NOTA TÉCNICA DA ANPUH SOBRE A PROPOSTA DO MEC PARA O ENSINO MÉDIO.

À luz dos recentes debates sobre as reformas educacionais em curso e dos documentos previamente elaborados e amplamente disseminados por esta Associação, a ANPUH-Brasil coloca à consideração reflexões que se reputam pertinentes para os debates e futuras deliberações a respeito do documento veiculado pelo Ministério da Educação, referente à Consulta Pública, consoante à Portaria Ministerial 399, datada de 08 de março de 2023.

1. Quanto à distribuição da carga horária, reconhecemos avanços, porém sustentamos a manutenção das 2.400 horas destinadas à Formação Geral Básica (FGB). Mesmo no caso do EM integrado ao técnico, quando o documento do MEC indica a sua redução para 2.200 horas, que seja dada a formação básica a todos, sem distinção, especialmente sem rebaixamento da formação dedicada preferencialmente à juventude trabalhadora.

2. Reconhecemos como relevante a proposta de ampliação gradual do ensino em período integral, desde que sejam assegurados investimentos condizentes com aprimoramento da infraestrutura, capacitação docente e implementação de estímulos à permanência dos alunos, sobretudo para aqueles em situação de vulnerabilidade. A finalidade é garantir uma educação de excelência que possa efetivamente combater as disparidades sociais.

3. Em relação à formação de professores, reiteramos a nossa defesa pela revogação imediata da Resolução 02/2019, que versa sobre a BNC-formação.
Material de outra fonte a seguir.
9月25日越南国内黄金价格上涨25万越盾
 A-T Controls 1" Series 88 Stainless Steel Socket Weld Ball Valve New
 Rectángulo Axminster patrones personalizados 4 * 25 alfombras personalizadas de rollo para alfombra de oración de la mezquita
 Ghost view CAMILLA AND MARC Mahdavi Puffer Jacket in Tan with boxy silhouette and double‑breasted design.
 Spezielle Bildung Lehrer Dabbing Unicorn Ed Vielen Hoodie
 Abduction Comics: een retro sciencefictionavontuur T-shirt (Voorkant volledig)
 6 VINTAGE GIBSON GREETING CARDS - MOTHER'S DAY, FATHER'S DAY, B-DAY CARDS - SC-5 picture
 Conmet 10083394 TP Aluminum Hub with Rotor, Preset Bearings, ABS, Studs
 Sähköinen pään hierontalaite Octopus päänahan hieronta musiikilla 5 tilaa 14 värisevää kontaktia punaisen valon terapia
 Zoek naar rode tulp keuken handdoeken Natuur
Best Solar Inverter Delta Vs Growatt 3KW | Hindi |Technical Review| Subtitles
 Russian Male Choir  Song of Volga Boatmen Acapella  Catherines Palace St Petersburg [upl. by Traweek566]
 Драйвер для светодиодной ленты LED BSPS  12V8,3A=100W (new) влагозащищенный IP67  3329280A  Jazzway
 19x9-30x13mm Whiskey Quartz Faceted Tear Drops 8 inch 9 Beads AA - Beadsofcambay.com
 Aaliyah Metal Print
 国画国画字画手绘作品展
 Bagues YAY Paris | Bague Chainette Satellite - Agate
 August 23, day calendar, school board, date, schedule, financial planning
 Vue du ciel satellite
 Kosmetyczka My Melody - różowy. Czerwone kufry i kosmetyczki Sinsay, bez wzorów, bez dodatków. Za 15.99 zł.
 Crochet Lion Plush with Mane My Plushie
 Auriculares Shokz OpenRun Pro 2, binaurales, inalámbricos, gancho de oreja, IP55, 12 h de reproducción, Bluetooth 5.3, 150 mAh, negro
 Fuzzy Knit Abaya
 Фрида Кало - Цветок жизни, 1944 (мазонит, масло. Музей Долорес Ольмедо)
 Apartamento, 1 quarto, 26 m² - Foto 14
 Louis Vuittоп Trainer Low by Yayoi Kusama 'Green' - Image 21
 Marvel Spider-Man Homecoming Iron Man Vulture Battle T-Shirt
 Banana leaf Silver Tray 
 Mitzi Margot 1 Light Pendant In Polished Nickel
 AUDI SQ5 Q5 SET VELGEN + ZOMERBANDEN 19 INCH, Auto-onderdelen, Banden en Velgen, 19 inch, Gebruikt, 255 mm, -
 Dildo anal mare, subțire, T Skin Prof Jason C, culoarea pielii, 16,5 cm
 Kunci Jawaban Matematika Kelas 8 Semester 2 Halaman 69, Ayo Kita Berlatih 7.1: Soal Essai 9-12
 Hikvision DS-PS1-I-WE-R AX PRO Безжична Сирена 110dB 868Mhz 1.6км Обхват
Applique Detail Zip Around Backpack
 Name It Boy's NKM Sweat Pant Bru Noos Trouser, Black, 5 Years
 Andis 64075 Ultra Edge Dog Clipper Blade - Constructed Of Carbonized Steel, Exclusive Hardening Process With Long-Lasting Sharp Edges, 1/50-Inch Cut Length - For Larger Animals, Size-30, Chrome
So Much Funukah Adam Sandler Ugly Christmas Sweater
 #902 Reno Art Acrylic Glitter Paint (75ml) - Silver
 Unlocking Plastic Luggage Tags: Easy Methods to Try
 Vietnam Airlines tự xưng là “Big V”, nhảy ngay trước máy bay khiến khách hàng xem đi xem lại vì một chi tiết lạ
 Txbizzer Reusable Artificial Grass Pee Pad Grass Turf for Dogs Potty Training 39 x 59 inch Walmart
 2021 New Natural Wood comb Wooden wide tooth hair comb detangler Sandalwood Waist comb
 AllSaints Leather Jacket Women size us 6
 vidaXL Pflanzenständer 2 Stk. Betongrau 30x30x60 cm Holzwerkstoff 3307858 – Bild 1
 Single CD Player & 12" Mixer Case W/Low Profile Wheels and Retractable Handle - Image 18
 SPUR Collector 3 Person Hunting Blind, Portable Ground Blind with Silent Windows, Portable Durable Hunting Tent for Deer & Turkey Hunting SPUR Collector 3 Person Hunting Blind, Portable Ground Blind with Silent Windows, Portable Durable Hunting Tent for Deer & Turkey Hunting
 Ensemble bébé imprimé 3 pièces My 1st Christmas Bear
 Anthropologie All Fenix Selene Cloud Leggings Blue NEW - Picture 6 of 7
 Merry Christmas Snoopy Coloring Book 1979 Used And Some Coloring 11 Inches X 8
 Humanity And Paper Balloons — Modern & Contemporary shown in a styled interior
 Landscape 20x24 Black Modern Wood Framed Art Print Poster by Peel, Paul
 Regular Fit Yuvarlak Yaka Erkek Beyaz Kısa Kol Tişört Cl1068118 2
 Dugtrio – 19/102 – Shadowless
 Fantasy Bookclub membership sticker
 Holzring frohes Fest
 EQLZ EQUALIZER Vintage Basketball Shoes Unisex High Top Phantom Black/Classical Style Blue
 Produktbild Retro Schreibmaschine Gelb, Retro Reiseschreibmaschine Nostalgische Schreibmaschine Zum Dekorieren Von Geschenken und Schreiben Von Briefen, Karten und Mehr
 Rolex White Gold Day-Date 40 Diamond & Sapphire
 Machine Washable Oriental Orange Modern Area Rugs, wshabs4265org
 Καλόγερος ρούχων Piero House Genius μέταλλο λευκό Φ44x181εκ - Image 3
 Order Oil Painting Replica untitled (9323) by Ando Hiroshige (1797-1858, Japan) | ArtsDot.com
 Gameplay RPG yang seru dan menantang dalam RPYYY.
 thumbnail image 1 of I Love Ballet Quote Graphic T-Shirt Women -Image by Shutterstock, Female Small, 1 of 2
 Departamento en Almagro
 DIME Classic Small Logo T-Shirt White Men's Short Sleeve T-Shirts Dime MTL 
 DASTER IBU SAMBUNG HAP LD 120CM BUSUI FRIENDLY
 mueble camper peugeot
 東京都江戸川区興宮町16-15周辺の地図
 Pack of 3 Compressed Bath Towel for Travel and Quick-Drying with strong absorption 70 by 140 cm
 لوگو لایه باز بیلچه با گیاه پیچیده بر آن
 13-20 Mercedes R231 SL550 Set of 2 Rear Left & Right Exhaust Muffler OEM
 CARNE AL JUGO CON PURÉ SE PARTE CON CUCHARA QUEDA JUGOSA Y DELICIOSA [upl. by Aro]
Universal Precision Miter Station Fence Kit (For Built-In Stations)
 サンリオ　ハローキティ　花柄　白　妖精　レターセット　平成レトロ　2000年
4. Sobre a organização curricular, temos as seguintes considerações:

4.1. No que tange às características da organização curricular da disciplina de História, a ANPUH preconiza que seja considerado o documento intitulado "Outros Futuros Possíveis: proposição para o ensino de História no Ensino Médio". Neste documento, são apresentados pressupostos e princípios que direcionam o ensino de História, dos quais destacamos:

- A preservação da especificidade da disciplina escolar, ancorada na perspectiva temporal da História. Isso permite a integração do componente com outras disciplinas, seja em situações em que a história e os temas sociais são fundamentais, ou como uma disciplina auxiliar. Entretanto, para que essa integração ocorra, é imprescindível criar condições favoráveis para os professores desenvolverem tais projetos. Isso engloba:

a) Reconhecimento da singularidade da disciplina escolar de História e da necessidade de contratação de profissionais especializados como elemento fundamental do atendimento ao Direito à Educação;

b) Definição de uma carga horária adequada para as disciplinas que compõem a chamada área de Ciências Humanas, considerando tempos destinados tanto ao ensino de conteúdos específicos de cada disciplina quanto a projetos interdisciplinares;

c) Alocação de tempo escolar para o planejamento e execução de projetos interdisciplinares, devido à sua natureza colaborativa;

d) Disponibilização de recursos financeiros quando o projeto envolver estrutura ou materiais essenciais para sua realização completa.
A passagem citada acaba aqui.